The Australian dual-listed lenders extended their declines as ANZ Group Holdings was the latest to take a grimmer assessment of the bad debts on its loan book, falling 4.1% to $32.29, while Westpac Banking Corp dropped 5% to $34.45. Heartland Group Holdings, which flagged increased charges on bad debts earlier this week, fell 2.2% to 91 cents. Fund manager FirstCape dropped below the 5% substantial shareholder threshold for Heartland on Wednesday.

Coming up trumps

Among local companies that have been pushed around by the tariff fluctuations, Steel & Tube Holdings dropped 4.7% to 82 cents, Skellerup Holdings declined 3.1% to $5.28 and Fisher & Paykel Healthcare decreased 1% to $35.05.

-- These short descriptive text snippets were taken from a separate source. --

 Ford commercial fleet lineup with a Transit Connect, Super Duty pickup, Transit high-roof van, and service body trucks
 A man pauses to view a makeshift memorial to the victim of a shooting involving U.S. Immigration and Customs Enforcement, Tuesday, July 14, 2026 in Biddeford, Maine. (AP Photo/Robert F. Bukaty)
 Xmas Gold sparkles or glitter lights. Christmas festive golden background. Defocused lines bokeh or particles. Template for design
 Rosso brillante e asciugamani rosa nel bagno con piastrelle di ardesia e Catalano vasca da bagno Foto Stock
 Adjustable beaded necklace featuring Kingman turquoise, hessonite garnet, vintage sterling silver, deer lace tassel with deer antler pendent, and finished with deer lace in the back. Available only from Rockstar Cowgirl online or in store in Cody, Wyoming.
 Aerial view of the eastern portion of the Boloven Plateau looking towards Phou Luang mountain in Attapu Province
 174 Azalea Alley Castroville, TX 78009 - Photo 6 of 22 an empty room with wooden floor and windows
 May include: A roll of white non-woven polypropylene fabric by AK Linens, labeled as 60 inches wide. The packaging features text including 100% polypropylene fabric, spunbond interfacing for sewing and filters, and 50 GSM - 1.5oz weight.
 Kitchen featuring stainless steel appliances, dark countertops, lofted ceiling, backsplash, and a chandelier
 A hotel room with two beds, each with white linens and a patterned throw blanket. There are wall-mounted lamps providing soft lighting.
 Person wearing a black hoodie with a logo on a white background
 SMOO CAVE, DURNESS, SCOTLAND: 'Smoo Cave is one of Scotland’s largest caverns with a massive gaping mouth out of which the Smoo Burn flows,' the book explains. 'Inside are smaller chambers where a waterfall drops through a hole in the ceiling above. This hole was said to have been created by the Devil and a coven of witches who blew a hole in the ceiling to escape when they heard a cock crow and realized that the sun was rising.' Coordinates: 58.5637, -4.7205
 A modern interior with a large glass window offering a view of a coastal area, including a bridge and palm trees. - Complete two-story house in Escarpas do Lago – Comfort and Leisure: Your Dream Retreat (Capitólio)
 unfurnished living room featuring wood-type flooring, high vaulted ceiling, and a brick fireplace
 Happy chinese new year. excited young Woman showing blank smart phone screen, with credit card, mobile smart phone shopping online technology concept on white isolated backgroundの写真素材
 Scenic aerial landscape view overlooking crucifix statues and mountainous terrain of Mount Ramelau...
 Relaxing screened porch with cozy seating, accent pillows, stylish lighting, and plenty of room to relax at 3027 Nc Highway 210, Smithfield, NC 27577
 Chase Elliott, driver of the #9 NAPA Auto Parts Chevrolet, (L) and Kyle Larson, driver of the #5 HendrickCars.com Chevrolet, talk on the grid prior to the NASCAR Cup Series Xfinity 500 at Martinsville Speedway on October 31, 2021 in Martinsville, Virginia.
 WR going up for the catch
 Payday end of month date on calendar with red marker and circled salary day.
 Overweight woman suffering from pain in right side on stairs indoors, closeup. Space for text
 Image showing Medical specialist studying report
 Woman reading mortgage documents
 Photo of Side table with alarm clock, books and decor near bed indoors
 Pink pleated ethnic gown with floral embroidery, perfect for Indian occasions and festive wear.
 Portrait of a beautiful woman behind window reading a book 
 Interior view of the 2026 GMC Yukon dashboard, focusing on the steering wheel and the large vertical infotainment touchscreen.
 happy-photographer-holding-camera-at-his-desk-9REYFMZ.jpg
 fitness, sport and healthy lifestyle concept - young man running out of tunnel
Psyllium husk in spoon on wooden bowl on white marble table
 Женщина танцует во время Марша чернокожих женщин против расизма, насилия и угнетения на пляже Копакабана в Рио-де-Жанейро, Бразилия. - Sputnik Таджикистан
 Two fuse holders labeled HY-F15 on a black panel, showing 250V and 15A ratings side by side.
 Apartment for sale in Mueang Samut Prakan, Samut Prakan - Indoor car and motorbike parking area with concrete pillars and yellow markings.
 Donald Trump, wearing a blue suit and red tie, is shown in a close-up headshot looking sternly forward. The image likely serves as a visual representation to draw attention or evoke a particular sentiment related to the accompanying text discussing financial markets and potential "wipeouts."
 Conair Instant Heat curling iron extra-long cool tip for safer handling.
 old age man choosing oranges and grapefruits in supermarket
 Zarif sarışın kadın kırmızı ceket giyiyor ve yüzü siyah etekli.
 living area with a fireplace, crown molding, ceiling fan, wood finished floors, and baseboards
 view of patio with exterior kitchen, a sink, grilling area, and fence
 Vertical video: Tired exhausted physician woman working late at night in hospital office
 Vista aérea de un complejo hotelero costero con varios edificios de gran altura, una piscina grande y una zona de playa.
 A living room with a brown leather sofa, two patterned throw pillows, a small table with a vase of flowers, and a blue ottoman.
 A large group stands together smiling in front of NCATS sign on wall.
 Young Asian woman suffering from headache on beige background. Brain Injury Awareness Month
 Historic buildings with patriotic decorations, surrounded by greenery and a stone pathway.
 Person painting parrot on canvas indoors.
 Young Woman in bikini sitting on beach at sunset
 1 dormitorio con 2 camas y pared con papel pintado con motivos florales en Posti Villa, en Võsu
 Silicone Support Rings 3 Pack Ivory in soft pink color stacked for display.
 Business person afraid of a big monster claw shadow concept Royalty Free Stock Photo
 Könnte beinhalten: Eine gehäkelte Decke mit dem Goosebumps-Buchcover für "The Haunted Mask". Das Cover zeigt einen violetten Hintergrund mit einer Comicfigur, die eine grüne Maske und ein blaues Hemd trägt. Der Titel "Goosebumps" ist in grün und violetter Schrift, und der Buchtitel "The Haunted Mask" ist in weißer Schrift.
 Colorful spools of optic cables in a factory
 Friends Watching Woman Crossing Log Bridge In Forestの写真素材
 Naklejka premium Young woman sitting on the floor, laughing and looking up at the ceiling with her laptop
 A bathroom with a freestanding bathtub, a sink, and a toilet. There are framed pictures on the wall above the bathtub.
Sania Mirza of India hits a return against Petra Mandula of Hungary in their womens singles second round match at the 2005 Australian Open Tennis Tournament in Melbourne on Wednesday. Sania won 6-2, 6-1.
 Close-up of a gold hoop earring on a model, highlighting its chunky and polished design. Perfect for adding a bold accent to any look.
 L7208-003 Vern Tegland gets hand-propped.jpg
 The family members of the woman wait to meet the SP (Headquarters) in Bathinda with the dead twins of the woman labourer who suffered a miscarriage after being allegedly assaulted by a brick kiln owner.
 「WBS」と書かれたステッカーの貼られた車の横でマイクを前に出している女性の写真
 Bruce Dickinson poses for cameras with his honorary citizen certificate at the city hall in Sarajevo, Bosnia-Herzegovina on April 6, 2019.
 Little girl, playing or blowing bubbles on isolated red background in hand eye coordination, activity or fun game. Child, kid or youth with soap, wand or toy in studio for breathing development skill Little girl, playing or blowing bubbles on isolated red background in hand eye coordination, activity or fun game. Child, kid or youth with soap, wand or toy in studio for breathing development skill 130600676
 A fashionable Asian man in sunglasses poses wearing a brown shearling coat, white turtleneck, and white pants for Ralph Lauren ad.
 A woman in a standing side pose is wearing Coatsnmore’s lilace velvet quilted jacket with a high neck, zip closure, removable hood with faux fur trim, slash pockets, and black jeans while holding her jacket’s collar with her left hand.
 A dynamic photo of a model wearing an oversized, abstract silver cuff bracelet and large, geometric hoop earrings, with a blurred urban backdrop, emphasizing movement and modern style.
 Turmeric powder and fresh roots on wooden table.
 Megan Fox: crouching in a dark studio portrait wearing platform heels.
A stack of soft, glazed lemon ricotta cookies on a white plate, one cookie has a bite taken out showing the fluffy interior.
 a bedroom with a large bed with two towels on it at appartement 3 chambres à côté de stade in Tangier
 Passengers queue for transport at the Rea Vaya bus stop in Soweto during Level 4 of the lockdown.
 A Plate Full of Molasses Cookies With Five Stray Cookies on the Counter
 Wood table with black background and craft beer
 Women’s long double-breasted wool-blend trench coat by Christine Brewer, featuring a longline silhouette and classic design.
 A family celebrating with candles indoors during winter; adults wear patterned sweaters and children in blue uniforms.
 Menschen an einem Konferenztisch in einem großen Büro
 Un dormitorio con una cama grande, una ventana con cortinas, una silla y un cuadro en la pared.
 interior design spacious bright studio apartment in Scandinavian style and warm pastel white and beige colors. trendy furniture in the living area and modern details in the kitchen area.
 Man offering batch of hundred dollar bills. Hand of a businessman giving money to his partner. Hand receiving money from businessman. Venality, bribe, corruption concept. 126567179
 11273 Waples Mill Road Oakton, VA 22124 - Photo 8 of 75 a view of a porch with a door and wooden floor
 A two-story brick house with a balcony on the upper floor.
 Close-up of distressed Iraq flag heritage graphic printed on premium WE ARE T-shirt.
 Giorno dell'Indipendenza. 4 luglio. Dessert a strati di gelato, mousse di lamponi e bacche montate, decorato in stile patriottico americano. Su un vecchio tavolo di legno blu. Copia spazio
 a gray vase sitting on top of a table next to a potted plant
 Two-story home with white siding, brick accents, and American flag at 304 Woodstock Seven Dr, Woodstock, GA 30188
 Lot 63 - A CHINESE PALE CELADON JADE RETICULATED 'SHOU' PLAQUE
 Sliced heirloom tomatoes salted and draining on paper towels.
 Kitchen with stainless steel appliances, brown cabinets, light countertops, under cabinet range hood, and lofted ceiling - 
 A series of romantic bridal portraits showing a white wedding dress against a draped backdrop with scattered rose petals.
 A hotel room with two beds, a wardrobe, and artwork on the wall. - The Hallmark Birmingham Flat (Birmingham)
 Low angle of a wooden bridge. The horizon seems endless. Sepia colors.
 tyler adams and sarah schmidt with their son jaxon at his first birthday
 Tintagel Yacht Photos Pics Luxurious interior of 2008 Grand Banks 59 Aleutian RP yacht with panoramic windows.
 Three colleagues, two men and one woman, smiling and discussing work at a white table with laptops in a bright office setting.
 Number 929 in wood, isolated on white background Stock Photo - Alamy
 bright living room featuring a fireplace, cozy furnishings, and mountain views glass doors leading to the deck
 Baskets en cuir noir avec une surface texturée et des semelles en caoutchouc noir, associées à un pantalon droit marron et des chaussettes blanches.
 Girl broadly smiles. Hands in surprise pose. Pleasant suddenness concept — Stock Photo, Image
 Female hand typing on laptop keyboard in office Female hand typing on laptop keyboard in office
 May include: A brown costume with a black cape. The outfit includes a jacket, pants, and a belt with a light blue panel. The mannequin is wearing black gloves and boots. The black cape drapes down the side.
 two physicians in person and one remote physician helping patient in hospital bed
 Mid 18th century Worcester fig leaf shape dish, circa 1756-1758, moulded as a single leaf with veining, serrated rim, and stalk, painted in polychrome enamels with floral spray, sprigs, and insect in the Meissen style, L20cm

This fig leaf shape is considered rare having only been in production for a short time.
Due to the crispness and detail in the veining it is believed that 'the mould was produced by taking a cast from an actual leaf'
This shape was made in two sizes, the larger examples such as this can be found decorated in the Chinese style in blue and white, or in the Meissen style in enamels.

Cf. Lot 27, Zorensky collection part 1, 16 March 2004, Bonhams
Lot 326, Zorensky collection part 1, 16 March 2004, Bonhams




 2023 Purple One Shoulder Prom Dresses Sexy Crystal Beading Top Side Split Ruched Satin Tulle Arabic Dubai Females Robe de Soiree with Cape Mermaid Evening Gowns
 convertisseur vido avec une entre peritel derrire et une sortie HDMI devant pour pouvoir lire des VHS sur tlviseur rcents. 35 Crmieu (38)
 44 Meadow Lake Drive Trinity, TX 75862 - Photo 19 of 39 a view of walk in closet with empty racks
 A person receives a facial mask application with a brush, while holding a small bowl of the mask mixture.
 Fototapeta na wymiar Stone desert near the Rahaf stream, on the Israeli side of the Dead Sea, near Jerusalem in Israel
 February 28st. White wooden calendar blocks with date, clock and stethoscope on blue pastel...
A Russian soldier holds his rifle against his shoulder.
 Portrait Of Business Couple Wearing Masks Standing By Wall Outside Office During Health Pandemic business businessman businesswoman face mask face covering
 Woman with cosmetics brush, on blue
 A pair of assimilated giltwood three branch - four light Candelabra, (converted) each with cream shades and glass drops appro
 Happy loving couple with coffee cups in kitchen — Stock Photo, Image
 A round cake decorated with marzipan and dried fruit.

Precinct Properties New Zealand fell 2% to $1.215 after reporting largely unchanged adjusted funds from operations, and said its dividend ratio might exceed its target of 100% AFFO, as it affirmed annual guidance for 6.75 cents per stapled security to be paid to shareholders.

Vital Healthcare Property Trust decreased 0.8% to $1.85 after it reported a 9.5% decline in adjusted funds from operations, and affirmed its annual distribution guidance of 9.75 cents per unit.

The a2 Milk Co posted the biggest gain on the day, up 1.9% at $8.25, while Fonterra Shareholders’ Fund units advanced 0.4% to $5.11 and NZX increased 0.6% to $1.58.

Colonial Motor Co rose 1.7% to $6.49 on a small volume of almost 1,000 shares. The company yesterday reported a 24% decline in first-half trading profit, which wasn’t as bad as earlier feared, and declared an unchanged dividend of 15 cents per share.

Among companies that have attracted takeover interest this year, NZ Windfarms was unchanged at 22.5 cents, below the 25 cent offer price, while ikeGPS fell 7% to 80 cents – below the $1 valuation rejected by its board – and Millennium & Copthorne Hotels New Zealand was unchanged at $2.40, more than the $2.25 its minority shareholders have been offered.

On the junior Catalist bourse, student property investor Prime Campus has gone into the pre-close of its periodical auction at 64 cent price, up from 58 cents in its November trading event.